*What to do*.
What you write should match, word for word, the lines from the one containing "Cover von Sinnlos-Märchenbuch Vol. 4" through the end of the data, with no pictures.

*Given records*.
+ + + +

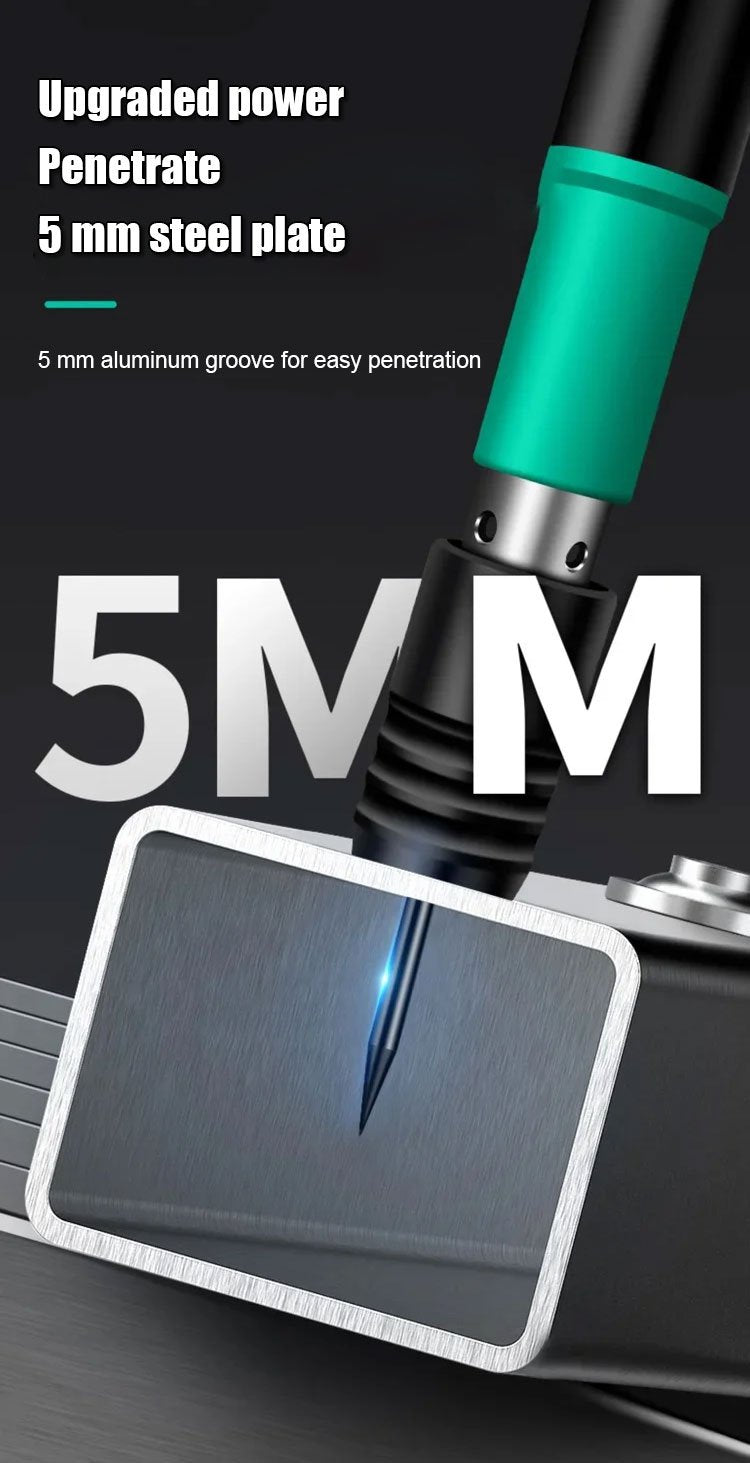 Manual Impact nail gun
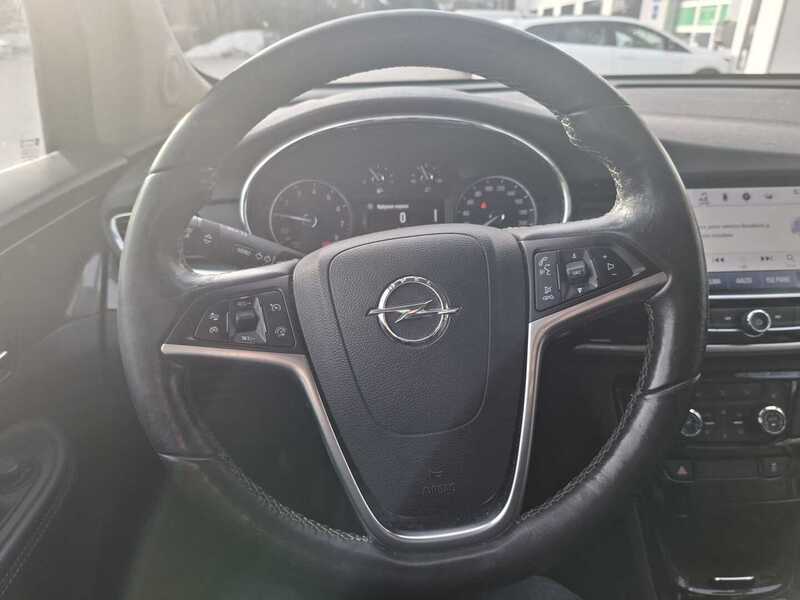 Opel Mokka vaihtoauto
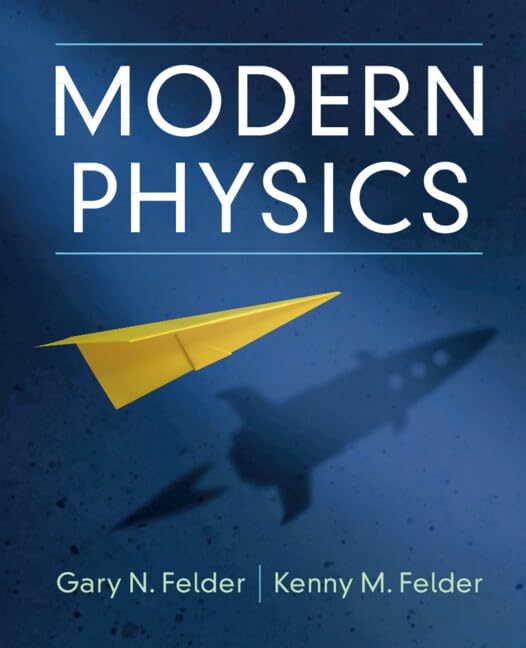 Cover of Modern Physics
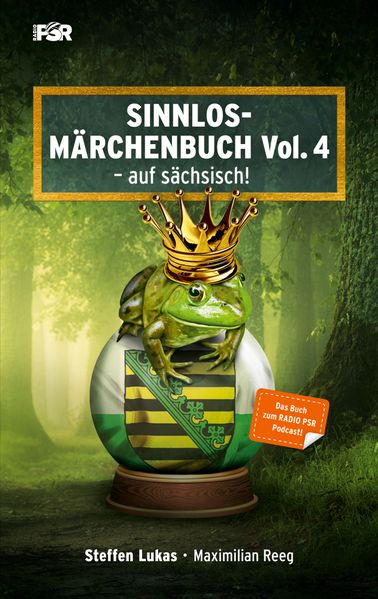 Cover von Sinnlos-Märchenbuch Vol. 4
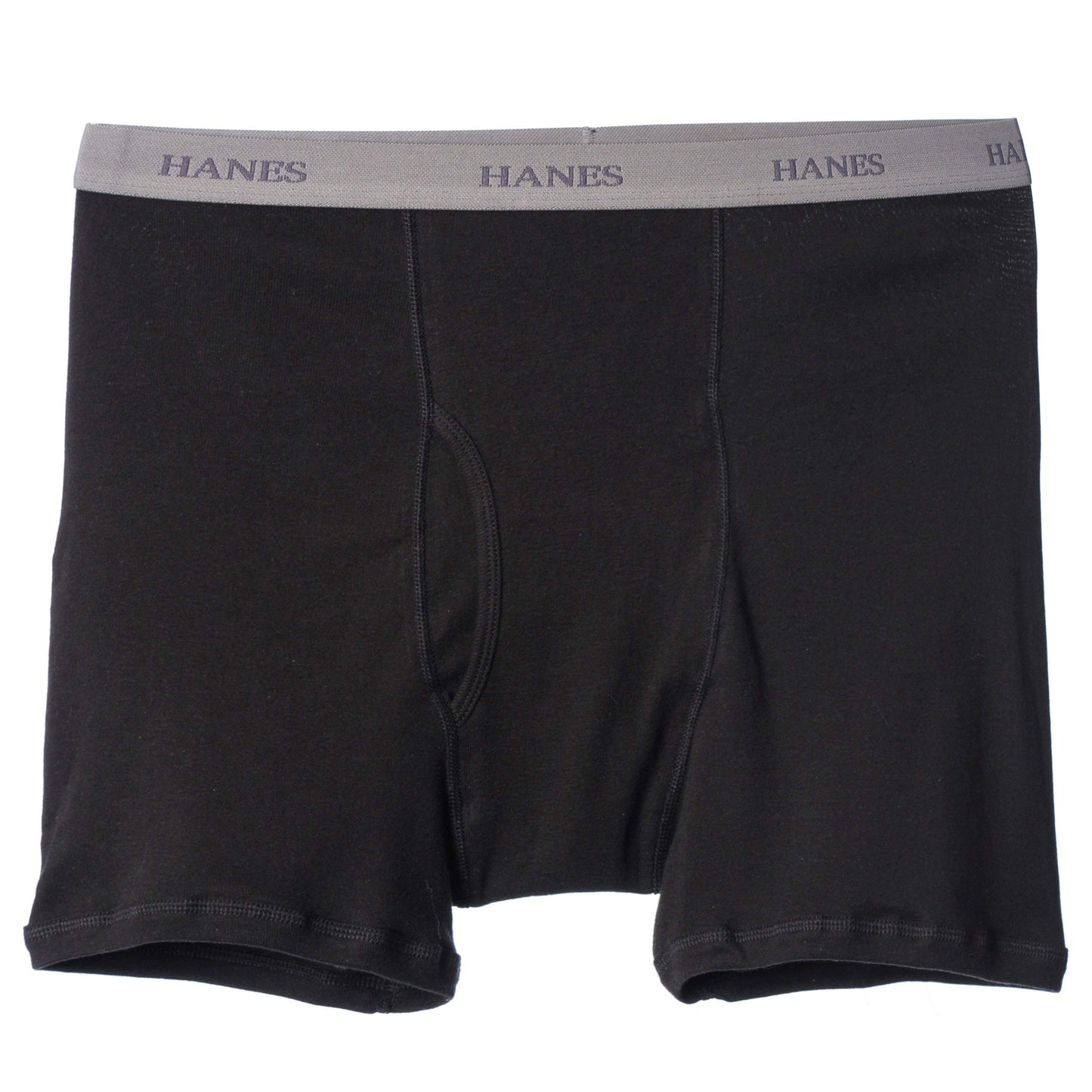 Hanes Men's Big and Tall Underwear Boxer Briefs (Pack of 3) 7XL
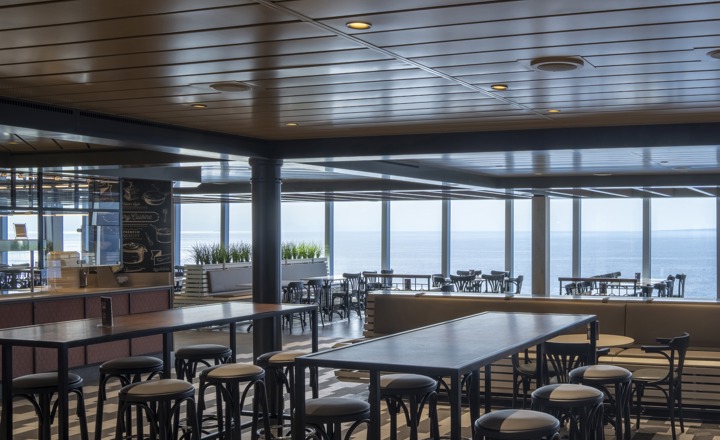 Marketplace Buffet Restaurant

+ + + +

*Task answer*.
 Cover von Sinnlos-Märchenbuch Vol. 4
 Hanes Men's Big and Tall Underwear Boxer Briefs (Pack of 3) 7XL
 Marketplace Buffet Restaurant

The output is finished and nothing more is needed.